A fast, reliable Python library to solve cubic equations of all kinds. You can test out cardano-method in your browser.

• How It Works
• Installation
• Usage
• Underlying Mathematics

cardano-method implements Gerolamo Cardano's famous method of solving cubic equations - 'Cardano's Method'. Split amongst various stages of processing, this library mirrors the steps described in Cardano's Method to solve for the roots of a cubic equation.

For a more detailed explanation of the specifics, please refer to the succeeding section discussing the underlying mathematics.

$ pip install cardano-method

from cardano_method import CubicEquation

a = CubicEquation([1, 3, 4, 4])

print(a.roots)
# [(-2+0j), (-0.5+1.322875j), (-0.5-1.322875j)]

Note that the answers attribute contains a list of complex objects representing the zeroes of the cubic equation.

Let's say the original cubic was $p(x)$:

$$p(x) = \sum_{i=0}^3 a_ix^i = a_3x^3 + a_2x_2 + a_1x_1 + a_0$$

Cardano Method is applied to a depressed cubic polynomial. Depressed polynomials are those where the coefficient of the $x^{n-1}$ term is zero.

We can use context from Vieta's relations to construct this depressed polynomial, $$\Rightarrow p\left(x-\frac{a_2}{3a_3}\right) = q(x) = a_3x^3 + x\left(a_1-\frac{a_2^2}{3a_3}\right) + \left[\frac{2a_2^3}{27a_3^2} - \frac{a_1a_2}{3a_3} + a_0\right]$$

Notice how the the $x^2$ term is absent from the expansion, i.e. the coefficient of $x^2$ is 0.

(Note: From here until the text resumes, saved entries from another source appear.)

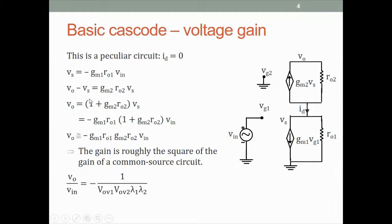One small comment: this comes with a common gate stage, and you may remember that the gain of a common gate had the GMRO term plus another small term. The 1 term is really not relevant. So we can write this in this form, because GM1·RO1 is 1 over VOV1·lambda1, and GM2·RO2 is 1 over VOV2·lambda2. This becomes in fact the highest possible gain one can get from a cascode circuit — highest possible because we assumed an ideal current source. If that is not ideal, this gain is going to reduce.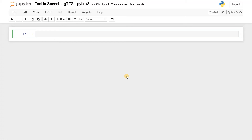Alright guys, this is Ashwin here. In this video, we are going to see how to convert text to speech using Python.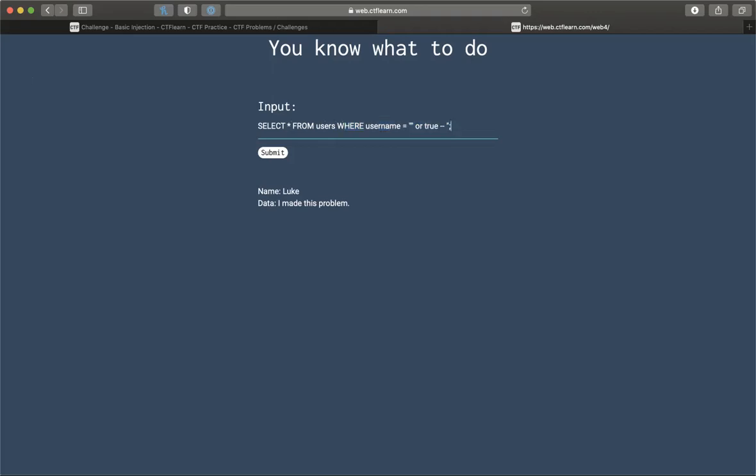This is where they're going to put our input. It's going to go right between here.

From here, to simplify things a bit, let's introduce some variables: (after dividing away to leave a coefficient of 1) $$3H = \frac{\left(a_1-\frac{a_2^2}{3a_3}\right)}{a_3} \text{ and } G = \frac{\left[\frac{2a_2^3}{27a_3^2} - \frac{a_1a_2}{3a_3} + a_0\right]}{a_3}$$

Here, we make an interesting construction. Assume some arbitrary $x$ is a root of $q$. Then, let $x = u^{\frac{1}{3}} + v^{\frac{1}{3}}$. Attempting to recreate the original polynomial with this root: $$x^3 = (u^\frac{1}{3} + v^\frac{1}{3})^3$$ $$x^3 = u+v+3u^\frac{1}{3}v^\frac{1}{3}(u^\frac{1}{3}+v^\frac{1}{3})$$ $$\Rightarrow x^3-3u^\frac{1}{3}v^\frac{1}{3}x-(u+v) = 0$$

Equating the final polynomial to the original polynomial, we get $uv = -H^3$, $u+v = -G$. Solving for $u, v$ with a quadratic equation, we can go back to our original $x = u^{\frac{1}{3}} + v^{\frac{1}{3}}$ and find the following roots for our polynomial:

$${\sqrt[3]{\frac{-G + \sqrt{G^2+4H^3}}{2}} - \frac{H}{\sqrt[3]{\frac{-G + \sqrt{G^2+4H^3}}{2}}} - \frac{a_2}{3a_3}, \sqrt[3]{\frac{-G + \sqrt{G^2+4H^3}}{2}}\omega - \frac{H\omega^2}{\sqrt[3]{\frac{-G + \sqrt{G^2+4H^3}}{2}}} - \frac{a_2}{3a_3}, \\ \sqrt[3]{\frac{-G + \sqrt{G^2+4H^3}}{2}}\omega^2 - \frac{H\omega}{\sqrt[3]{\frac{-G + \sqrt{G^2+4H^3}}{2}}} - \frac{a_2}{3a_3} }$$

If this looks complicated, don't worry - we agree too! The CardanoMethod package's CubicEquation handles all of this on the back-end and abstracts away all of the complex math.